The staff-to-resident-ratio at New Haven is also high, ranging from eight to 10 people each night, and the shelter is open 24 hours a day with extended case management hours. Most residents are there for a four-month stay.

The new training program staff aims to cultivate support and acceptance. That starts with using language that affirms residents’ identities, Garcia says. That’s the big question mark that a lot of [staff] are just scared to say the wrong thing or use the wrong terminology. So language is a big component of it.” Training includes exploring and defining concepts like pronouns, gender expression, and microaggressions.

It also covers how to deal with sensitive information. Staff is taught that a client’s sexual orientation and gender expression shouldn’t be disclosed without their permission, since Garcia says that information could potentially invite discrimination if it appears on paperwork for housing or employment.

But a big part of the training is reminding staff not to make assumptions.
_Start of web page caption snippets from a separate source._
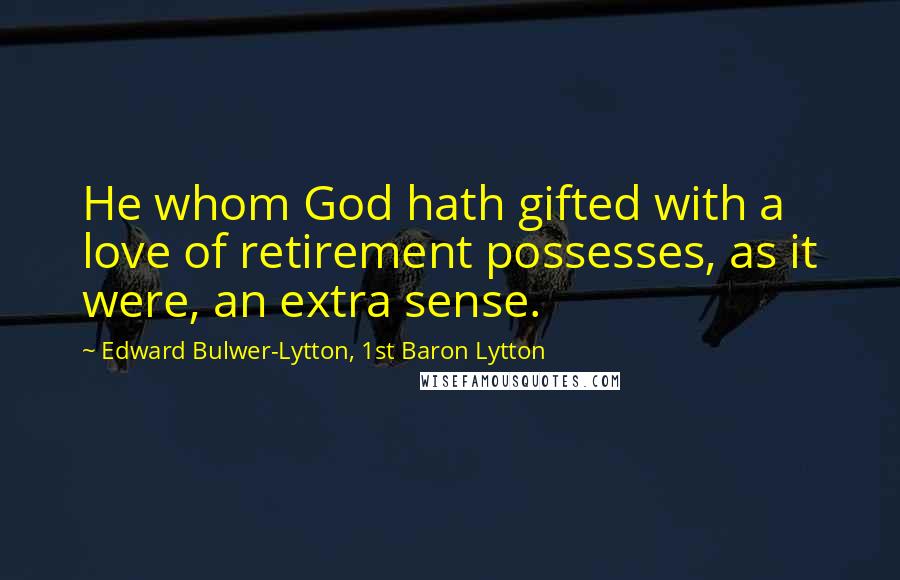 Edward Bulwer-Lytton, 1st Baron Lytton Quotes: He whom God hath gifted with a love of retirement possesses, as it were, an extra sense.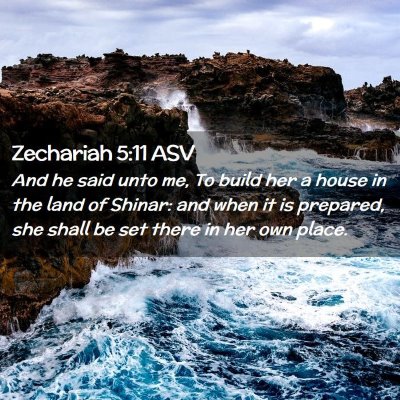 Picture 02 - Zechariah 5:11 ASV - And he said unto me, To build her a house in the - Bible Verse Picture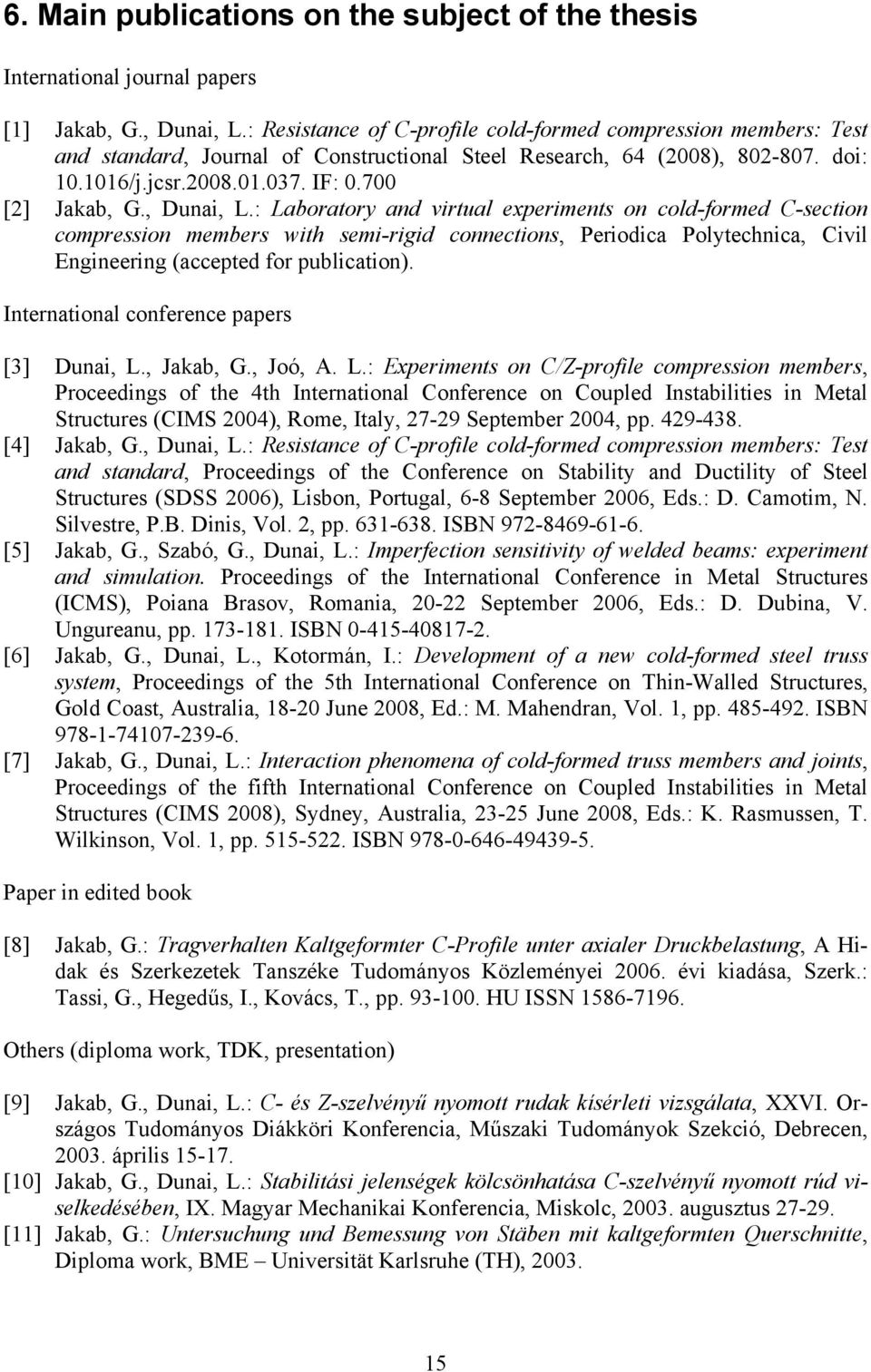 Dunai L.: Laboratory and virtual experiments on cold-formed C-section compression members with semi-rigid connections Periodica Polytechnica Civil Engineering (accepted for publication).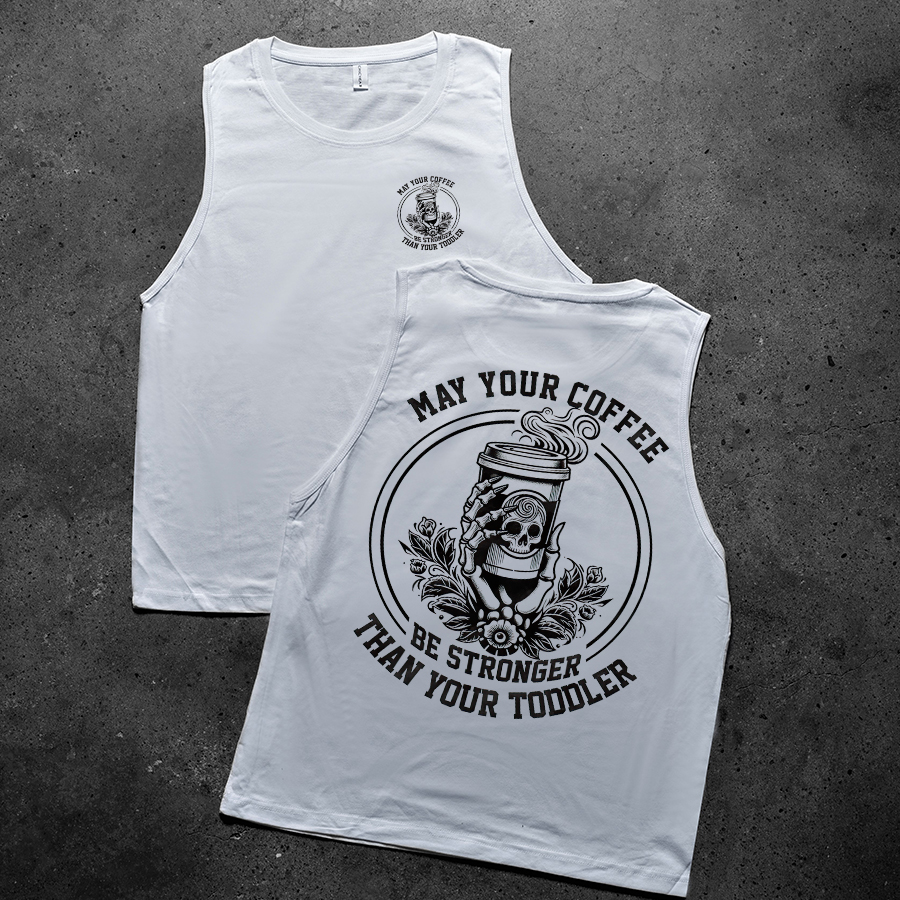 May Your Coffee Be Stronger Printed Women's Vest-traneing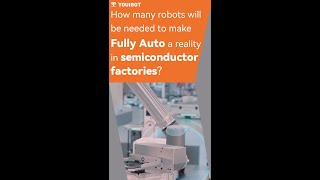 How many robots will be needed to make Fully Auto a reality in semiconductor factories [upl. by Aeet705]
Garcia says details about clients’ identity, like pronouns, should always come from the client themselves.

The main goal for New Haven Inn residents is to land stable housing. Garcia says this often comes in the form of reconciling with family or friends. It can also mean a job and steady income consistent enough to support living on their own.

“We’re all just people that are trying to be loved and cared for and accepted out in the world for who we are,” Garcia says. “Most of this has nothing to do with the LGBTQ piece. This is just people being people going through one of the hardest times in their life.”